It certainly increases the salinity. Road salt is a major problem, and communities have tried different things, whether it’s sand or beet juice. You’ve got to find a product that’s just as effective, that people are OK with, and which you can get a lot of.
Are we approaching an era when water will become the most precious natural resource?
Certainly, right now, we’re learning a lot more about how fragile groundwater resources are. There are places in the United States and globally that are under real threat. I don’t think it’s too far off to say we might begin seeing a realignment of where we grow certain crops and produce in the United States. I don’t know if we’re going to get to Dune-like proportions, but we can’t ignore this issue anymore.
The Great Lakes Compact was an attempt to lock down access to communities that are contiguous to the lakes. Is that sustainable, given Waukesha’s recent success in gaining access to Lake Michigan water?
In the medium term, I’m not sure I see any threat to the compact and joint governance between Canada and the United States. It’s international and federal law.

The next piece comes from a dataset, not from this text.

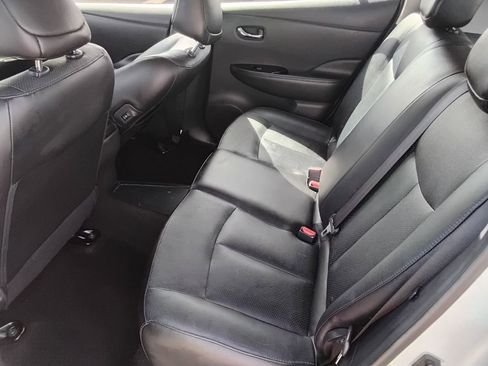 Used 2013 Nissan Leaf SL w/ Premium Pkg image 19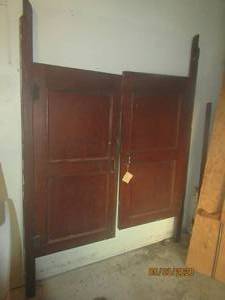 lot 359 image: VINTAGE WOODEN&nbsp SWING DOORS&nbsp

What’s beneficial for the Great Lakes is how interested and on top of things local communities and nonprofits and environmental groups are with Great Lakes issues. You’ve got
built-in watchdogs on both sides of the border.
When you built the city of Milwaukee Wind Turbine, were you expecting the public outcry it received?
No. Maybe I was naive. Ultimately [the feedback] was great. It helped us to determine the size and position of the wind turbine, and the community bought into it. I knew things were okay when the Bay View Neighborhood Association produced a T-shirt that had the wind turbine on it.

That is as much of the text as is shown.